*** GIVEN RECORDS ***

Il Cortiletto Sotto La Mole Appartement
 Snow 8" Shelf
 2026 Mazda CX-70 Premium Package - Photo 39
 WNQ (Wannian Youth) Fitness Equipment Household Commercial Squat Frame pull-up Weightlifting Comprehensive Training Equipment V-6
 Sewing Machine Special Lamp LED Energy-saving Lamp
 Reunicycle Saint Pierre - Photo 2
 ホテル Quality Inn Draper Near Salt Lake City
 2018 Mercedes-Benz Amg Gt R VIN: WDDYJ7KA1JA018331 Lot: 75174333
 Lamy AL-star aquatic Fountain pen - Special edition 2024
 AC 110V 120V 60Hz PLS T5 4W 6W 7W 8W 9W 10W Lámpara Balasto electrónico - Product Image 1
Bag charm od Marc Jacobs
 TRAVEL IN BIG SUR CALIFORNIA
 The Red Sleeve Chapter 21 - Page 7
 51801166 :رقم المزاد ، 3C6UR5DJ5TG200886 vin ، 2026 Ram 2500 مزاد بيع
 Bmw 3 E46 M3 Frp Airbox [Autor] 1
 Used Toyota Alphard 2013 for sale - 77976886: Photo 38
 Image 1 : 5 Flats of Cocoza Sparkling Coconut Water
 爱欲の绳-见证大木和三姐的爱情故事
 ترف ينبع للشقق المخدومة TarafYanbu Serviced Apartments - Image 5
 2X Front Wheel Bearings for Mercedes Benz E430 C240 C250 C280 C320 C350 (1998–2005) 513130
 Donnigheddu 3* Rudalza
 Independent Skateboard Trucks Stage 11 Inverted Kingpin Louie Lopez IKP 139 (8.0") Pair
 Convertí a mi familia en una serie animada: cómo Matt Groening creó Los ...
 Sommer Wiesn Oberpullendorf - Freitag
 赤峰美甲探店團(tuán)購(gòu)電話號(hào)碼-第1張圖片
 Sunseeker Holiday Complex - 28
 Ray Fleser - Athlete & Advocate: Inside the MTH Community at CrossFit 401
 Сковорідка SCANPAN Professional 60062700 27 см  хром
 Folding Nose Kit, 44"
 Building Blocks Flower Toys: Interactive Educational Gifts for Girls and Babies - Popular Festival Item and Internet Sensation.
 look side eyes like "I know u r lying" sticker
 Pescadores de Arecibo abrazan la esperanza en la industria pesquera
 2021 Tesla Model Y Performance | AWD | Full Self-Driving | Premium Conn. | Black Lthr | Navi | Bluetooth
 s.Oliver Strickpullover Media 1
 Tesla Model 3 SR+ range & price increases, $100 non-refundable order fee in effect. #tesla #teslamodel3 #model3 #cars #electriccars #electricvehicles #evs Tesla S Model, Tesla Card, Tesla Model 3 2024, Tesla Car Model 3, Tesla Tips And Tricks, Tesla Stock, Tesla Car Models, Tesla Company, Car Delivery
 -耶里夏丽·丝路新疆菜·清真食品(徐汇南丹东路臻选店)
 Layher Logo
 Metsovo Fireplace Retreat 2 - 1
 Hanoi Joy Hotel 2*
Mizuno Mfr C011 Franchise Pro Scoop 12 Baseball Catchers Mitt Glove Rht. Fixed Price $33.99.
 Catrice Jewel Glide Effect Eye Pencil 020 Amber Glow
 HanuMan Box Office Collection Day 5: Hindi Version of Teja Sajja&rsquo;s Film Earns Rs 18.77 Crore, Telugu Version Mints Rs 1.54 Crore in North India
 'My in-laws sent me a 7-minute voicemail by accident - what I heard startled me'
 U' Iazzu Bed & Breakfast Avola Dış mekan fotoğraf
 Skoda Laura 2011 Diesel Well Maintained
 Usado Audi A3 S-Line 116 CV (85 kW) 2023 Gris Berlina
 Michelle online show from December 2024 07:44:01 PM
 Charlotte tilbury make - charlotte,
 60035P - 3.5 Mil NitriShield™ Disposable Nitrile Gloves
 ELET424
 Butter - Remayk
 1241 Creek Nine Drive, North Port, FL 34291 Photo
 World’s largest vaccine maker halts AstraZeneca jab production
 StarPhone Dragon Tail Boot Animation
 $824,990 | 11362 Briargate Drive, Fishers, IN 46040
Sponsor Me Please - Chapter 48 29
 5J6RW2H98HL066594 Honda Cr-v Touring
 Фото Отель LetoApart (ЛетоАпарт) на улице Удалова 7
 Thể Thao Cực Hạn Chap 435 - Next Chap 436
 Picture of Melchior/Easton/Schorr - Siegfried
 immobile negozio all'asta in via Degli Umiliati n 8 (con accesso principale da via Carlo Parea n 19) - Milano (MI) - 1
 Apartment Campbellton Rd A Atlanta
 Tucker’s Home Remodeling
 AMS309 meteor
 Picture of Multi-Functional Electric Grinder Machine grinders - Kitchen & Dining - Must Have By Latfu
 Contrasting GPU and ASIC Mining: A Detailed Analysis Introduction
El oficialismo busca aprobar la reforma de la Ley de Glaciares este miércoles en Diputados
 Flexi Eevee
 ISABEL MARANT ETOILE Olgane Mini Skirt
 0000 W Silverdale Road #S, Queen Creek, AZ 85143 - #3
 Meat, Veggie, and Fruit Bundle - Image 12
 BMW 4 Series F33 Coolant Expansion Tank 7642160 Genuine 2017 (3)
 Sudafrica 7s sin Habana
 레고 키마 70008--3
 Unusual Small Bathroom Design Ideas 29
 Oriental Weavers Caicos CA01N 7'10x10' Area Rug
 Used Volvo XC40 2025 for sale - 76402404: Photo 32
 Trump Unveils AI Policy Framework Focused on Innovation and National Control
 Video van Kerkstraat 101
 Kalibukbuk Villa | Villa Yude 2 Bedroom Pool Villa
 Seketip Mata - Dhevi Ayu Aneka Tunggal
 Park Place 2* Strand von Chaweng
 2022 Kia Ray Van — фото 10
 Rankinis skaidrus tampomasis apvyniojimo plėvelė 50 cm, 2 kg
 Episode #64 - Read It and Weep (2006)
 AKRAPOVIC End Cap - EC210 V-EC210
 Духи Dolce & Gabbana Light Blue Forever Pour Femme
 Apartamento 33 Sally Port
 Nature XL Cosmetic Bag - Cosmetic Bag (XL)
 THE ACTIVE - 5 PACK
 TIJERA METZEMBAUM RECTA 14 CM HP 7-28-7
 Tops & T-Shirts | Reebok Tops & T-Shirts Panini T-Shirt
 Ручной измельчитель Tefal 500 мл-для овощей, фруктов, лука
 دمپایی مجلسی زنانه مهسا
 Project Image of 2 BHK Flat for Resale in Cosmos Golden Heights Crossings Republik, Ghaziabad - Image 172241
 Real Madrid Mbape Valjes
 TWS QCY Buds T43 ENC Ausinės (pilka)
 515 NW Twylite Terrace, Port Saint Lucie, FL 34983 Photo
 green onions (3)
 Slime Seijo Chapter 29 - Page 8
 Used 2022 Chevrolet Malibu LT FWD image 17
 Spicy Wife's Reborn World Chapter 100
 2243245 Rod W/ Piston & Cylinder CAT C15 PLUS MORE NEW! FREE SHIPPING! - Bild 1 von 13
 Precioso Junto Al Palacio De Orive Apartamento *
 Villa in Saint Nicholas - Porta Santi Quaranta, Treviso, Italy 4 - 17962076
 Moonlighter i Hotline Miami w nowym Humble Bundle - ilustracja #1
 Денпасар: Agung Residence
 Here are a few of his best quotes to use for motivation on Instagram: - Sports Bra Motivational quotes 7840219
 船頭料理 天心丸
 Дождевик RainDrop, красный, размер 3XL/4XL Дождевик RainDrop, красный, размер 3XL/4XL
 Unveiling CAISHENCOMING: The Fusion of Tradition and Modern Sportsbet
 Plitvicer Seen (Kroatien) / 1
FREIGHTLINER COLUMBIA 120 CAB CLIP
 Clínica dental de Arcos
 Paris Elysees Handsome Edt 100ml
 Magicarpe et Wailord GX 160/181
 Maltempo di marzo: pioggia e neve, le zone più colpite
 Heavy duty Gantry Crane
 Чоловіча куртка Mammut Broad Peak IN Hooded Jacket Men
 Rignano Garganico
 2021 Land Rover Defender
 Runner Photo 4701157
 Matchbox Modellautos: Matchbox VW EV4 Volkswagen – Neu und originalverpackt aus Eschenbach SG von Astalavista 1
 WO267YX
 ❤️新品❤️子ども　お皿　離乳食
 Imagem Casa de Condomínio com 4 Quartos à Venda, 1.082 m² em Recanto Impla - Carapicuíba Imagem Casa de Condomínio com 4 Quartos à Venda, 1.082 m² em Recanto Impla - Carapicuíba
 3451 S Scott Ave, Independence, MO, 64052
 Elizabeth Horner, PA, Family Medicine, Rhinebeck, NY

***

# [TASK]
Print again the lines of the entries above that fall between the line holding "Sudafrica 7s sin Habana" and the line holding "Video van Kerkstraat 101", inclusive, exactly as they stand.

# [EXERCISE SOLUTION]
 Sudafrica 7s sin Habana
 레고 키마 70008--3
 Unusual Small Bathroom Design Ideas 29
 Oriental Weavers Caicos CA01N 7'10x10' Area Rug
 Used Volvo XC40 2025 for sale - 76402404: Photo 32
 Trump Unveils AI Policy Framework Focused on Innovation and National Control
 Video van Kerkstraat 101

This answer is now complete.